# Looking for first pony - not stolen



## flashmans (8 September 2010)

I just wrote a whole post and then the computer decided to lose it! 
I'll try and remember everything I said!!

Hi everyone, this is my first time posting so not sure if this is in the right place...

I am on a mission to find my first pony - Rocky (Rocky Robin). He was sold in 2003 or 2004 to a lady in Guernsey, she possibly owned a riding school if I remember correctly. Rocky was 13 years old when I sold him, so will be about 19/20 now. He is a dapple grey, although could be very white now! And he is 13.3HH. He wasn't freezemarked, unfortunately. He did have a prophet's thumb mark on the right side of his neck, and a 'mohawky' style mane, as it never wanted to grow! No other distinguishing features that I can remember!

He was/is a very good all-rounder pony and did absolutely anything you asked of him. Although he was and still most likely is an absolute bugger to try and catch!!

Rocky was a very special pony and would love to know how he's doing or if he is for sale or anything!
If anyone has any information or any possible idea of where Rocky could be, I would be very, very grateful!

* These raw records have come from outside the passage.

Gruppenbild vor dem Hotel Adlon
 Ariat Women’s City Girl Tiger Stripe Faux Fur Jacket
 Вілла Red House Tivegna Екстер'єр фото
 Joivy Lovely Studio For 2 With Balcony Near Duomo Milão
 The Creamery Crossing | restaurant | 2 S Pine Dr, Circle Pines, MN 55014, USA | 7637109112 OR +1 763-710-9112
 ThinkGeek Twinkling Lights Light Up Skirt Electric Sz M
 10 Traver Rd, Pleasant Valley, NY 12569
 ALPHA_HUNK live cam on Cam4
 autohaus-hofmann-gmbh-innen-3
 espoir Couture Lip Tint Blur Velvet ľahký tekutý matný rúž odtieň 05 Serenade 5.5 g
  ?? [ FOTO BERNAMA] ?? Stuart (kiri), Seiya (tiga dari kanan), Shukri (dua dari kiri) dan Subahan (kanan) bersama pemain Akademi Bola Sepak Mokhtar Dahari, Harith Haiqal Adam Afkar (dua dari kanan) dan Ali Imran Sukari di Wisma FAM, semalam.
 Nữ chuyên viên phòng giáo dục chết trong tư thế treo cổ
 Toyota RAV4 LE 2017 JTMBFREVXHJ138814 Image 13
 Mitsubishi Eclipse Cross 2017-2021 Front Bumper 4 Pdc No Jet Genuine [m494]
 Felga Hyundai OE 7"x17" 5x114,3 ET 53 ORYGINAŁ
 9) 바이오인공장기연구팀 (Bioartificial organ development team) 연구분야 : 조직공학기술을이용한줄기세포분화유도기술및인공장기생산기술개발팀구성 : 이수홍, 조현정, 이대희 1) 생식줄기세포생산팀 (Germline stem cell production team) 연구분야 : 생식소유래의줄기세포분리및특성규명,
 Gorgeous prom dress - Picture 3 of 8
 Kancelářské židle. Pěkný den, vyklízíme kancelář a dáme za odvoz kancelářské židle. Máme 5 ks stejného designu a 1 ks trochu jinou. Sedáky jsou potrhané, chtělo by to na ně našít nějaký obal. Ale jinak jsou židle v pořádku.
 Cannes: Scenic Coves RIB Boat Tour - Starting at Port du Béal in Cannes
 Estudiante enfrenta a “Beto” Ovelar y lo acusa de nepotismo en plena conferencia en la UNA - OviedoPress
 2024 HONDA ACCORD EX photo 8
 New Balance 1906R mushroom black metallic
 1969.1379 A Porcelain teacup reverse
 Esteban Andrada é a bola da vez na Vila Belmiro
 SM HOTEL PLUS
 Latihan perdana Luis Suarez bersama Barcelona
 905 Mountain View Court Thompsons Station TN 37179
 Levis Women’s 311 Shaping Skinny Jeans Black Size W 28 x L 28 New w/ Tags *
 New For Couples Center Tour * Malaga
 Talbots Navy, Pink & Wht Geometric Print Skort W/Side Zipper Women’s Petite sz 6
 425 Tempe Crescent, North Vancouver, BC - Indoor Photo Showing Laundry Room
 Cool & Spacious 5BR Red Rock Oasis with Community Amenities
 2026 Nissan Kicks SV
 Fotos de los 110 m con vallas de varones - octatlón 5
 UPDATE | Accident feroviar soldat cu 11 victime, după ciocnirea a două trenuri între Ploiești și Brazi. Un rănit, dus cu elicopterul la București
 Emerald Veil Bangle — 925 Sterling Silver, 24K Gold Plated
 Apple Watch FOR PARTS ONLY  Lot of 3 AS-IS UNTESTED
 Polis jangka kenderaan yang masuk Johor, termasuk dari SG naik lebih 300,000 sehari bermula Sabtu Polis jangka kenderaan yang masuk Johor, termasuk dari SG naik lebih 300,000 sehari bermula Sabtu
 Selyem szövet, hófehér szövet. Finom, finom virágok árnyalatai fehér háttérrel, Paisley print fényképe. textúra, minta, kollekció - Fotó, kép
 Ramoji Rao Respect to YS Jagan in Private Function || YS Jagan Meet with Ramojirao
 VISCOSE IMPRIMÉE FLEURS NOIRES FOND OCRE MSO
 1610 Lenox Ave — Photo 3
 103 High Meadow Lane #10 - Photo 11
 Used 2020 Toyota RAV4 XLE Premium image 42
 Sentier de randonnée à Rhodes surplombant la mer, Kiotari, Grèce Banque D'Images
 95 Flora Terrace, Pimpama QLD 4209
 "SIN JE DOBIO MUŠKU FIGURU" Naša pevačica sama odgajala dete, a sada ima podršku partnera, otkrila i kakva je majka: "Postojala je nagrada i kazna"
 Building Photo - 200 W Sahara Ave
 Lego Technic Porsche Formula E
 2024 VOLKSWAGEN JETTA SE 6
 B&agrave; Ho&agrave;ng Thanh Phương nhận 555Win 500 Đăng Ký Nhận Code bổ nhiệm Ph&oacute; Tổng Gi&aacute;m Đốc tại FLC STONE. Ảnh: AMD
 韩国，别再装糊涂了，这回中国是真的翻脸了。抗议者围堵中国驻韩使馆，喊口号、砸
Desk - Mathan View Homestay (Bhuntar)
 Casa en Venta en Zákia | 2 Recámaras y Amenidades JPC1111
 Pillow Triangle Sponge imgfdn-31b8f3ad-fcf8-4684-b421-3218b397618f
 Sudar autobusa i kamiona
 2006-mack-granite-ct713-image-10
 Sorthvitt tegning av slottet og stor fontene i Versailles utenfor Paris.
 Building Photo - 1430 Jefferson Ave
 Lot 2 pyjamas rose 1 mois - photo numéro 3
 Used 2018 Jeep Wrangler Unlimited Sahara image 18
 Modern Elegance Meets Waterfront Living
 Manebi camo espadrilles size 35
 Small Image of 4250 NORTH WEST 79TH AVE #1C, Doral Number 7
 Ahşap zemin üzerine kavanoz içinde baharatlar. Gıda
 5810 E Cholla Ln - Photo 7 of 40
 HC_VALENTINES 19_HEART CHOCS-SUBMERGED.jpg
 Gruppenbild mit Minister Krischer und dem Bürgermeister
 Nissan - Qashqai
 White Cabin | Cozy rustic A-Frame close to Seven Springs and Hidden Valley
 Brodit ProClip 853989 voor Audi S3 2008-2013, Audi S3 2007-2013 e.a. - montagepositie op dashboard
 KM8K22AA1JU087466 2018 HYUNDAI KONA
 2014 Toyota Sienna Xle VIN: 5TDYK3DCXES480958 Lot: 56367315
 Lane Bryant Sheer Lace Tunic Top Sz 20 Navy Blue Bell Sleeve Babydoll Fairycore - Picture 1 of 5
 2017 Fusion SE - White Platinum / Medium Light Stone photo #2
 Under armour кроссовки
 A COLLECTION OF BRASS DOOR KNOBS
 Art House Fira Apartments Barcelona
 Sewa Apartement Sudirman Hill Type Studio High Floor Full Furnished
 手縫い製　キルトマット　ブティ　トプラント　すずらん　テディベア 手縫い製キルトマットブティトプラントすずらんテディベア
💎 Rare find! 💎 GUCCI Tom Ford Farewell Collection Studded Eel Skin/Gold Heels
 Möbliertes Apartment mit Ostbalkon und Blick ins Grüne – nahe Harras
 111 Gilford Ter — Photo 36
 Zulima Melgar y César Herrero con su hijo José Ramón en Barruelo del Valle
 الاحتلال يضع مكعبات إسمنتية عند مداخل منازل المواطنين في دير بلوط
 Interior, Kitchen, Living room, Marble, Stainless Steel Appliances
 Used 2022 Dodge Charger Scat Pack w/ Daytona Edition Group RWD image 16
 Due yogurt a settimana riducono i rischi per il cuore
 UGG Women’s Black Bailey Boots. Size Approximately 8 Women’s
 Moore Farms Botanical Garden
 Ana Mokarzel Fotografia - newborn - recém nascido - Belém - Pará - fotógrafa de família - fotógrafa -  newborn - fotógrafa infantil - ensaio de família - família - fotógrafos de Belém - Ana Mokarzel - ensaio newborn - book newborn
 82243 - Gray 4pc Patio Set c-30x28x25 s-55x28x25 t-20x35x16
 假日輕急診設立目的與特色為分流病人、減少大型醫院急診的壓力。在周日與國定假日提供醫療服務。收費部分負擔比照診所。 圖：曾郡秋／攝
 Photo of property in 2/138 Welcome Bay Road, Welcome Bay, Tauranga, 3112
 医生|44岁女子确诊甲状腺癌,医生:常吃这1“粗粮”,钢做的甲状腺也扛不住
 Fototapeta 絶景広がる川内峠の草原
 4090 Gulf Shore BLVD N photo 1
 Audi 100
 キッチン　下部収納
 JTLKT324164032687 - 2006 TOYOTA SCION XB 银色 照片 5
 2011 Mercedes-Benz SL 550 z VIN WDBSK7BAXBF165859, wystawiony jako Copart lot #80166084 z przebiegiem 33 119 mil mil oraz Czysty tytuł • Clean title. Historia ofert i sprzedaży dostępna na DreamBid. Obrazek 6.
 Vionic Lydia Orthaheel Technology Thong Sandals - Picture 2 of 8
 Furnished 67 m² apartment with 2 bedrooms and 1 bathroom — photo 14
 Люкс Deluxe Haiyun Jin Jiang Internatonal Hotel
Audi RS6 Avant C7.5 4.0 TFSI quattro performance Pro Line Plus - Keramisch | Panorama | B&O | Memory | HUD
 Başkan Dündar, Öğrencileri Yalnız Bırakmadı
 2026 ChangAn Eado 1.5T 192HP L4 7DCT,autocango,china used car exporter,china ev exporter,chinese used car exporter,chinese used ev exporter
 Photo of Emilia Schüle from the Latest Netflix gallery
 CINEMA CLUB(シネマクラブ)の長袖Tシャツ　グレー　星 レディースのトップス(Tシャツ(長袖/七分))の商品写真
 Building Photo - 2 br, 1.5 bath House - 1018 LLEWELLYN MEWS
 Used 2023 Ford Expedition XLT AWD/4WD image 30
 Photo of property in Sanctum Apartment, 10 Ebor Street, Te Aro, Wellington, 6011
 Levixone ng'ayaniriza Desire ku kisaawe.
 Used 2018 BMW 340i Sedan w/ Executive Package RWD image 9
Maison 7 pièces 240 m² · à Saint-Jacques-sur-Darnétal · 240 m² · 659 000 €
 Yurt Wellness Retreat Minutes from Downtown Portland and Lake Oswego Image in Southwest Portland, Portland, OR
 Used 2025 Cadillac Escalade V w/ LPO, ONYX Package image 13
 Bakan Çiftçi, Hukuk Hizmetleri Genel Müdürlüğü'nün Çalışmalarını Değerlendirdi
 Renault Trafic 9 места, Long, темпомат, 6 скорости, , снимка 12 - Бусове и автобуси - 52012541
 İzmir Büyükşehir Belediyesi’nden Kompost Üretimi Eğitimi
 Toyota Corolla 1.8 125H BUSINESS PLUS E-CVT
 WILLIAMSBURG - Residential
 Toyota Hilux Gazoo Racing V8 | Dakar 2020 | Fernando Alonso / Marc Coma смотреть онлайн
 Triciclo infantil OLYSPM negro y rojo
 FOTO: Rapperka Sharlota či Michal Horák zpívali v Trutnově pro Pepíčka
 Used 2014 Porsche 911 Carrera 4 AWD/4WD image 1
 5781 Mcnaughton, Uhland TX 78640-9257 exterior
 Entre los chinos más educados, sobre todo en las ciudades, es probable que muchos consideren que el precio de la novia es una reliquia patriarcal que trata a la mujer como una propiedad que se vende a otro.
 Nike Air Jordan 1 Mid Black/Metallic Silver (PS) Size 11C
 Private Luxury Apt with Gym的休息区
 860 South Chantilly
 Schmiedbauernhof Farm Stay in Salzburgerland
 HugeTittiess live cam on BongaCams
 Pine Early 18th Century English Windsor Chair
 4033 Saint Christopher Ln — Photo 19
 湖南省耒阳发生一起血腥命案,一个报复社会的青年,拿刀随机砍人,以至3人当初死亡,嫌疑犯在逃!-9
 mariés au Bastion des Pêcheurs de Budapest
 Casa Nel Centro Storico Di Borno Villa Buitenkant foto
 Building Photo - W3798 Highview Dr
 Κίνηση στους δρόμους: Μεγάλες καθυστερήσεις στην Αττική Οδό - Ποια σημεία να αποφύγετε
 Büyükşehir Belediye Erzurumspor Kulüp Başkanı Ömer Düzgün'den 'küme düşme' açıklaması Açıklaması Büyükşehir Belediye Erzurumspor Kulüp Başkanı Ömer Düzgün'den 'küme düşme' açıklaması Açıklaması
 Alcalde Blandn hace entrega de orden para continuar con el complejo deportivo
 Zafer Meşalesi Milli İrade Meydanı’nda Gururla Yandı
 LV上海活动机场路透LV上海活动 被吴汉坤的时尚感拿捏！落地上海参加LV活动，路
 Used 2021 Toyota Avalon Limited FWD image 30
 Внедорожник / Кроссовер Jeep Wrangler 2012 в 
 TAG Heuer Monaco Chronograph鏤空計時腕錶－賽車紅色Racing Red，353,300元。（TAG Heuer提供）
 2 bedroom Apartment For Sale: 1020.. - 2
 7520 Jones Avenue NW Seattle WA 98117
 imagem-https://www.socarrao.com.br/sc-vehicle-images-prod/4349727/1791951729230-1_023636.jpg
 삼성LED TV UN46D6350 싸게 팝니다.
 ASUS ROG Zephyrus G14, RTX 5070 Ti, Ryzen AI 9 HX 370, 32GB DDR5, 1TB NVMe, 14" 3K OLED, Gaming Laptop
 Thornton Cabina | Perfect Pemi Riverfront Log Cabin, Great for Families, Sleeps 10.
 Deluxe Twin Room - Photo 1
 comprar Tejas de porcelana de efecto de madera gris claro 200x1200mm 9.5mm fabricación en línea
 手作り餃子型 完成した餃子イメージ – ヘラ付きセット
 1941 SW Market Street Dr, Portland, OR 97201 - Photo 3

Thanks for reading and sorry for rabbiting on!


----------



## flashmans (9 September 2010)

Thanks for replying - No I don't have any details anymore unfortunately... No idea what happened to them!


----------



## Colline (24 October 2010)

Hi

I'm in Guernsey and I "think" your pony may be at one of the riding schools - give me a pm and I will pass on the details.  I know that there is definately a pony there called Robin but I don't know what colour, size etc.


----------



## Cuffey (25 October 2010)

If Colline cannot help maybe join and post on Guernsey RC forum
I will flag up your post to other Guernsey people as well

http://www.gsyrhc.com/index.php


----------



## hellspells (25 October 2010)

Didn't Colline.  She'll give you the details of the only Robin I can think of - at a riding school here.


----------



## Rusty_GSY (15 January 2012)

I remember Robin fromwhen I rode at the riding school, and yes, he was still a bugger to catch!


----------



## Brandy (16 January 2012)

I had a good response by posting on the bsja Jersey website. There is a riding school on Guernsey called Baubigny I think, whic is where one of my old ponies is, and I had a couple of responses via that website. I think the riding school have a facebook page.

Good luck!


----------